[Crawled caption data]
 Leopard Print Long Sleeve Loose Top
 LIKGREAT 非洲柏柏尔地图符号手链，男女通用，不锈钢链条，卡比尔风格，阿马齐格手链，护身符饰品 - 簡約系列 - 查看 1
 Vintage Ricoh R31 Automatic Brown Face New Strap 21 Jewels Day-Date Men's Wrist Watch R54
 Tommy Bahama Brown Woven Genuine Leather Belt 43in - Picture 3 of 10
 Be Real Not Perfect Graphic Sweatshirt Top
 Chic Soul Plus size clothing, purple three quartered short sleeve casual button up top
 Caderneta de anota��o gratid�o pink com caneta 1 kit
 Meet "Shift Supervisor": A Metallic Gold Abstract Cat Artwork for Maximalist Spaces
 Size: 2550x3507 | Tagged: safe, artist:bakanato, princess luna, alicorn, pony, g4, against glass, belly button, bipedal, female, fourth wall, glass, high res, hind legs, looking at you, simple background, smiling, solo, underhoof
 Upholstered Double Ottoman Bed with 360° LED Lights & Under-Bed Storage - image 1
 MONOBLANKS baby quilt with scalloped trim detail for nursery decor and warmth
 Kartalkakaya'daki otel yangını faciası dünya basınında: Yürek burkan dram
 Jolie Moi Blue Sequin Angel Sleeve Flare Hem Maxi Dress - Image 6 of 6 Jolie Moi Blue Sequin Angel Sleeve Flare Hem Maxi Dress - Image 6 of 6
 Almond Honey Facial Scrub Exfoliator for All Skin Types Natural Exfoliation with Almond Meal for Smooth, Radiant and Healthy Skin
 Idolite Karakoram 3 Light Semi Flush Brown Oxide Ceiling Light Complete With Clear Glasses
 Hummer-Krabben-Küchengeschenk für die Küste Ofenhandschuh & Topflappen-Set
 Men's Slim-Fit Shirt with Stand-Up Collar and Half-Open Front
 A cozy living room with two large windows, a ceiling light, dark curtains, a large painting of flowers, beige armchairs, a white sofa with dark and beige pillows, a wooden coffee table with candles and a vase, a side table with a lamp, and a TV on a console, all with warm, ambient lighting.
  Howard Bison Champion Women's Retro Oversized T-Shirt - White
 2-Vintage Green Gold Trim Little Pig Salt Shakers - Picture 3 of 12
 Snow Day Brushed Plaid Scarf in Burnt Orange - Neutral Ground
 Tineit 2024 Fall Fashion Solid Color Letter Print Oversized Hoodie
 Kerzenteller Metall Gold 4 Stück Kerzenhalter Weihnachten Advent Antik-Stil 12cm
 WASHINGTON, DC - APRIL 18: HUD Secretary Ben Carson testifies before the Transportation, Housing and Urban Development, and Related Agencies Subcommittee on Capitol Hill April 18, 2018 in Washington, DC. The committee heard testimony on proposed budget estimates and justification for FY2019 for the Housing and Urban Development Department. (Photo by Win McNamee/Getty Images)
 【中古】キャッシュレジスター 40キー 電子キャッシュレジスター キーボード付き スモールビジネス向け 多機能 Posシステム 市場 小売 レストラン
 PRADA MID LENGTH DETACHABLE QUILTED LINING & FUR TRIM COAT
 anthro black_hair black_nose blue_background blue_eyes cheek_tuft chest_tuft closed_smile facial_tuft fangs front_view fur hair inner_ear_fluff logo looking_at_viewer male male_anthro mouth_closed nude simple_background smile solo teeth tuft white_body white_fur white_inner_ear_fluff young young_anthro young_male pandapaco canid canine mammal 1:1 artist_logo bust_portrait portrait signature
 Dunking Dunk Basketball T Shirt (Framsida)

(INSTRUCTIONS TO FOLLOW) Check the data for the word "Gold" and pull out the lines that have it.

(RESPONSE)
 Meet "Shift Supervisor": A Metallic Gold Abstract Cat Artwork for Maximalist Spaces
 2-Vintage Green Gold Trim Little Pig Salt Shakers - Picture 3 of 12
 Kerzenteller Metall Gold 4 Stück Kerzenhalter Weihnachten Advent Antik-Stil 12cm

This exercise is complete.